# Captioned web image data
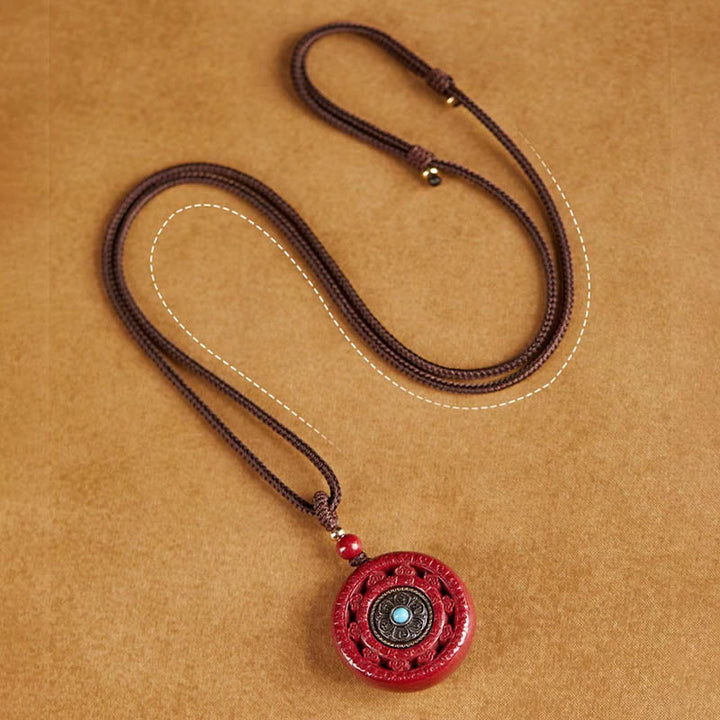 Buddha Stones Cinnabar Om Mani Padme Hum Blessing Rotatable Necklace Pendant - image 12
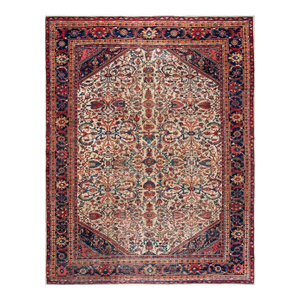 Stunning Ivory Open Field and Allover Design Sultanabad Style Antique Persian Rug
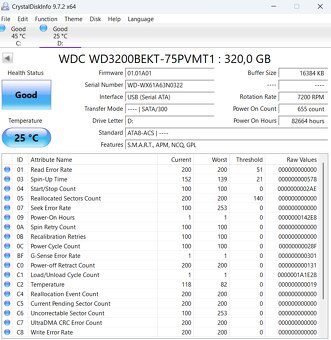 Predám 2,5 '' HDD WD 320 GB 7200 RPM SATA disk - 3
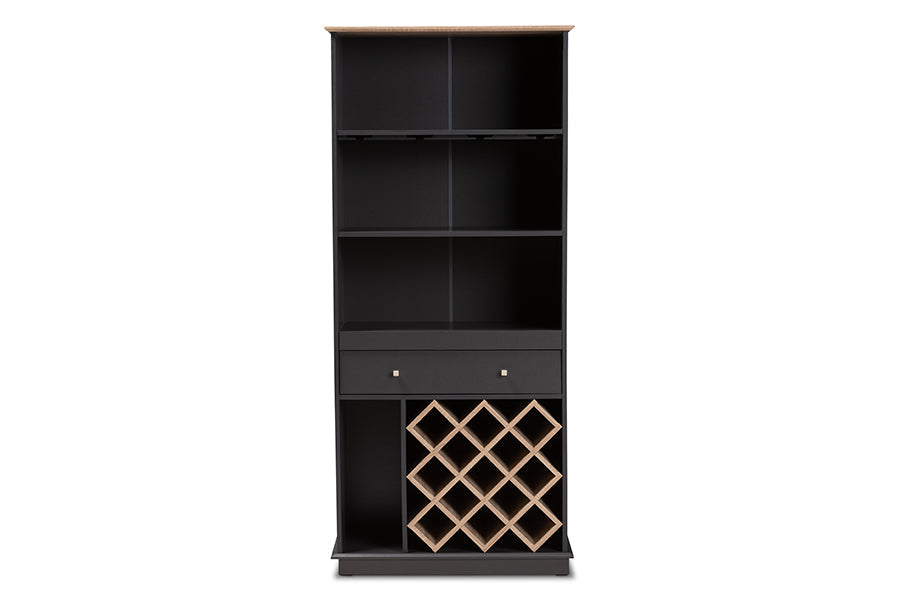 Baxton Studio Mattia Modern and Contemporary Dark Grey and Oak Finished Wood Wine Cabinet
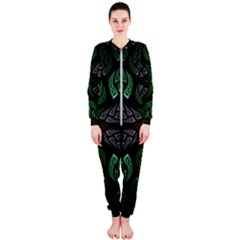 Fractal Green Black 3d Art Floral Pattern Onepiece Jumpsuit (ladies)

# Activity
Repeat the records above exactly, leaving out the pictures.

# Written answer
 Buddha Stones Cinnabar Om Mani Padme Hum Blessing Rotatable Necklace Pendant - image 12
 Stunning Ivory Open Field and Allover Design Sultanabad Style Antique Persian Rug
 Predám 2,5 '' HDD WD 320 GB 7200 RPM SATA disk - 3
 Baxton Studio Mattia Modern and Contemporary Dark Grey and Oak Finished Wood Wine Cabinet
 Fractal Green Black 3d Art Floral Pattern Onepiece Jumpsuit (ladies)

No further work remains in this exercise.